There was a freshly dug grave, covered with a tarpaulin although the tree gave it some protection from the rain. I don’t think I’ve ever felt so excited. It was as if it had been waiting for me and I turned and moved through the headstones to the entrance of the church, opened the door and went inside.
I’d expected a place of darkness and gloom, but the lights were on and it was really very beautiful, the vaulted ceiling unusual in that it was constructed of granite, no evidence of wooden beams there at all. I walked toward the altar and stood for a moment, looking around me, aware of the quiet. There was the click of a door opening and closing. A man approached.
He had white hair and eyes of the palest blue. He wore a black cassock and carried a raincoat over one arm. His voice was dry and very old and there was a hint of Irish to it when he spoke. “Can I help you?”
“Are you the rector?”
“Oh, no.” He smiled good-humoredly. “They put me out to grass a long time ago. My name is Cullen. Canon Donald Cullen. You’re an American?”
“That’s right.” I shook hands. He had a surprisingly firm grip. “Alan Stacey.”
“Your first visit to Jersey?”
“Yes,” I said. “Until a few days ago I never knew the place existed. Like most Americans, I’d only heard of New Jersey.”

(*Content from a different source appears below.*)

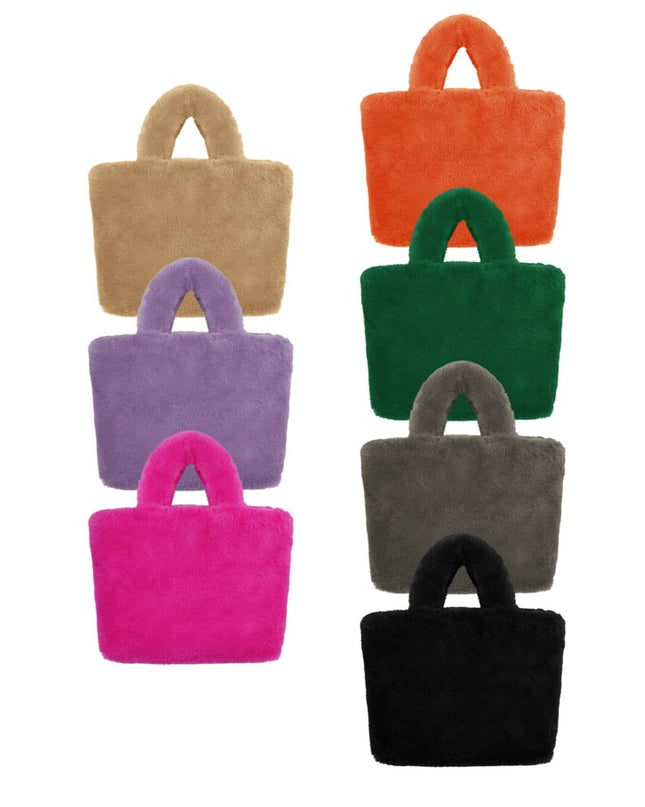 Faux fur city bag small - beige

He smiled. We moved toward the door and he carried on, “YouVe chosen a bad time of the year for your first visit. Jersey can be one of the most desirable places on earth, but not usually during March.”

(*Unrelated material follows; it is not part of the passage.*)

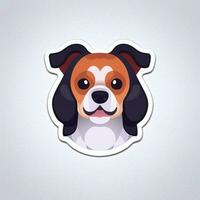 AI generated Cute Dog Avatar Icon Clip Art Sticker Decoration Simple Background photo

“I didn’t have much choice,” I said. “You’re burying someone here today. Harry Martineau.”
He had started to pull on his raincoat and paused in surprise. “That’s right. I’m performing the ceremony myself, as a matter of fact. Two o’clock this afternoon. Are you a relative?”
“Not exactly, although I sometimes feel as if I am. I’m an assistant professor of philosophy at Harvard. I’ve been working on a biography of Martineau for the past three years.”